Before doing anything else, copy the entries below exactly.

[Records from a collection]:
BEGIN

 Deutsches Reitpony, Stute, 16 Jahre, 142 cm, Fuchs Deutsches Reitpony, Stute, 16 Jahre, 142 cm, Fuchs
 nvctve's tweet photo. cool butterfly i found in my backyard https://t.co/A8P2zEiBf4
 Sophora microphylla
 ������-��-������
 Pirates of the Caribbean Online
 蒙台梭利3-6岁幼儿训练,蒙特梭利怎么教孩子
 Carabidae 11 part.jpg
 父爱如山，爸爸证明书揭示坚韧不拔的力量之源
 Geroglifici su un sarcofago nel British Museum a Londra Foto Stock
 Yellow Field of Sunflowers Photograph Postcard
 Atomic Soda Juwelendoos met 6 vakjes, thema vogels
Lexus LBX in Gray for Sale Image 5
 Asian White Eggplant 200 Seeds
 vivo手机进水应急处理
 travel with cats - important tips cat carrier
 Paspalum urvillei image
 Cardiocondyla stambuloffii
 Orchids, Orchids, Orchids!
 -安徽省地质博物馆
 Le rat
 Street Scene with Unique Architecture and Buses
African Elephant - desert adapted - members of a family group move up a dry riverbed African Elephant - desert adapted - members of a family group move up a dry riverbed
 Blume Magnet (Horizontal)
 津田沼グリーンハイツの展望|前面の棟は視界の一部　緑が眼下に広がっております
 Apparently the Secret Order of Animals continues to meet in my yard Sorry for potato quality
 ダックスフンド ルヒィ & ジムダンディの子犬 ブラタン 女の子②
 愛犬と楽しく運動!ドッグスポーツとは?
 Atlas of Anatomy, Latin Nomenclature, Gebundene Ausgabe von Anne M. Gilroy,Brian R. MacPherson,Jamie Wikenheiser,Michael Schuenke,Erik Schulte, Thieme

END

[RESULT OF THIS EXERCISE]:
 Deutsches Reitpony, Stute, 16 Jahre, 142 cm, Fuchs Deutsches Reitpony, Stute, 16 Jahre, 142 cm, Fuchs
 nvctve's tweet photo. cool butterfly i found in my backyard https://t.co/A8P2zEiBf4
 Sophora microphylla
 ������-��-������
 Pirates of the Caribbean Online
 蒙台梭利3-6岁幼儿训练,蒙特梭利怎么教孩子
 Carabidae 11 part.jpg
 父爱如山，爸爸证明书揭示坚韧不拔的力量之源
 Geroglifici su un sarcofago nel British Museum a Londra Foto Stock
 Yellow Field of Sunflowers Photograph Postcard
 Atomic Soda Juwelendoos met 6 vakjes, thema vogels
Lexus LBX in Gray for Sale Image 5
 Asian White Eggplant 200 Seeds
 vivo手机进水应急处理
 travel with cats - important tips cat carrier
 Paspalum urvillei image
 Cardiocondyla stambuloffii
 Orchids, Orchids, Orchids!
 -安徽省地质博物馆
 Le rat
 Street Scene with Unique Architecture and Buses
African Elephant - desert adapted - members of a family group move up a dry riverbed African Elephant - desert adapted - members of a family group move up a dry riverbed
 Blume Magnet (Horizontal)
 津田沼グリーンハイツの展望|前面の棟は視界の一部　緑が眼下に広がっております
 Apparently the Secret Order of Animals continues to meet in my yard Sorry for potato quality
 ダックスフンド ルヒィ & ジムダンディの子犬 ブラタン 女の子②
 愛犬と楽しく運動!ドッグスポーツとは?
 Atlas of Anatomy, Latin Nomenclature, Gebundene Ausgabe von Anne M. Gilroy,Brian R. MacPherson,Jamie Wikenheiser,Michael Schuenke,Erik Schulte, Thieme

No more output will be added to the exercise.